**Exercise details**
Each line from the opening of the material through the line holding "Κίνα: Αποτροπιασμός για" needs to be returned exactly, with the pictures left out.

**Dataset content**
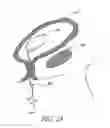 Fig. 22 - Attenuation device for use in an anatomical structure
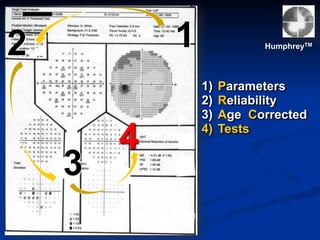 3
4
12 HumphreyTM
1) Parameters
2) Reliability
3) Age Corrected
4) Tests
 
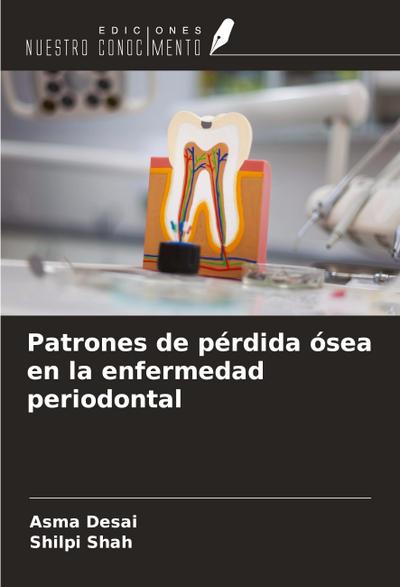 Patrones de pérdida ósea en la enfermedad periodontal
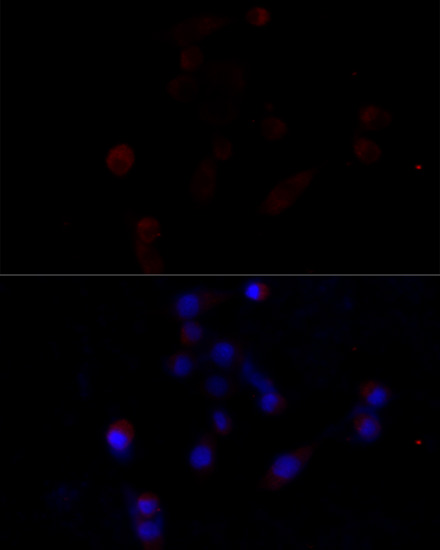Immunofluorescence analysis of NIH/3T3 cells using Caspase-3 Polyclonal Antibody at dilution of  1:100 (40x lens). Blue: DAPI for nuclear staining.
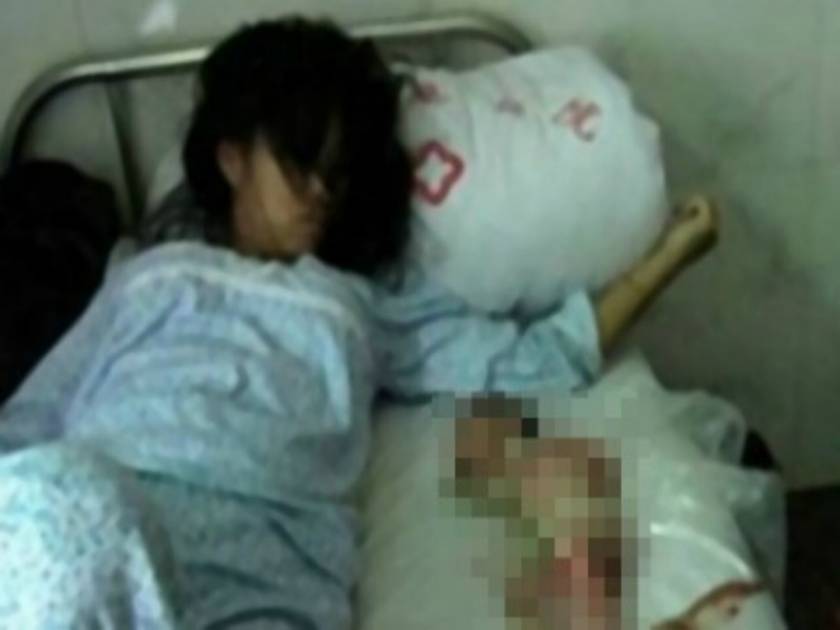 Κίνα: Αποτροπιασμός για την βίαιη άμβλωση σε έγκυο επτά μηνών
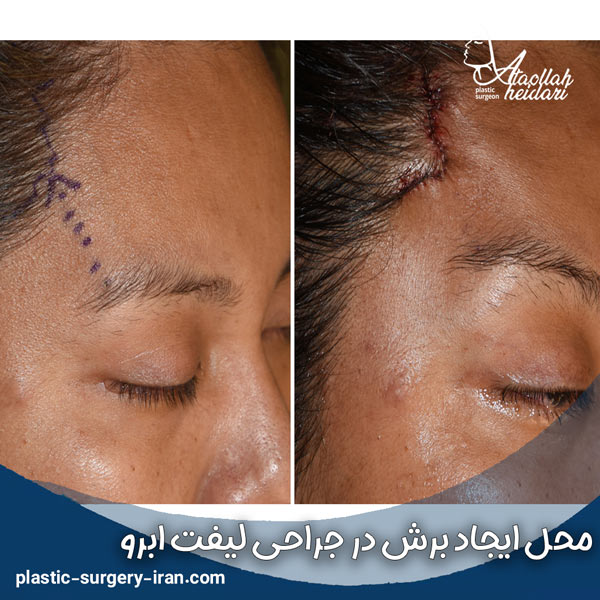 محل برش ها در روش جراحی لیفت ابرو - دکتر حیدری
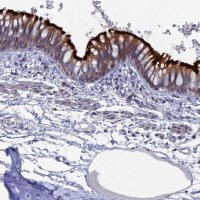 Anti-TMEM161A antibody produced in rabbit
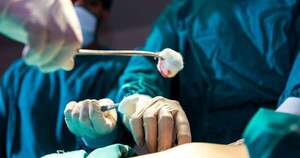 La Nación / Histórico: realizan con éxito la primera neurocirugía en el Hospital de San Pedro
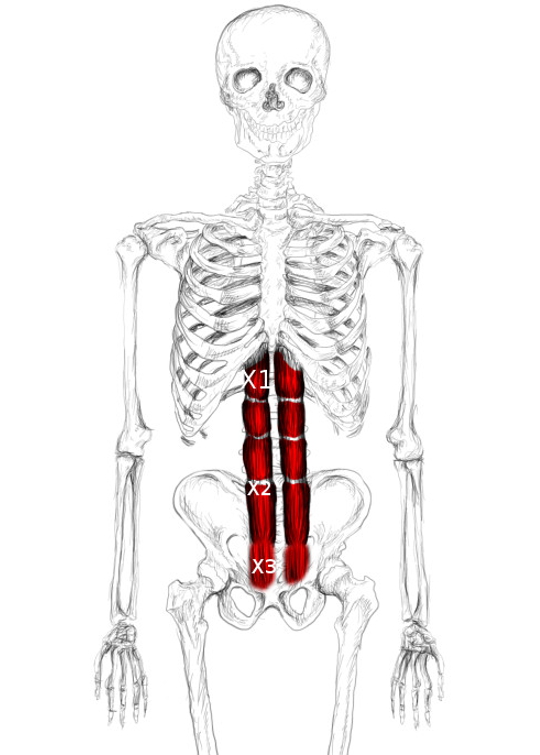 Rectus abdominis pain & trigger points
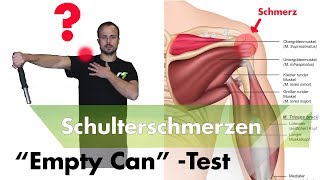 Schulterimpingement Testen  Supraspinatussehne Entzündet [upl. by Anola]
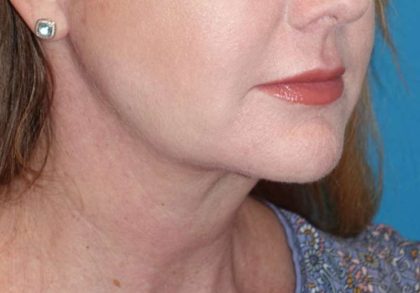 Neck Lift Before & After Patient #1018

**Reply**
 Fig. 22 - Attenuation device for use in an anatomical structure
 3
4
12 HumphreyTM
1) Parameters
2) Reliability
3) Age Corrected
4) Tests
 
 Patrones de pérdida ósea en la enfermedad periodontal
Immunofluorescence analysis of NIH/3T3 cells using Caspase-3 Polyclonal Antibody at dilution of  1:100 (40x lens). Blue: DAPI for nuclear staining.
 Κίνα: Αποτροπιασμός για την βίαιη άμβλωση σε έγκυο επτά μηνών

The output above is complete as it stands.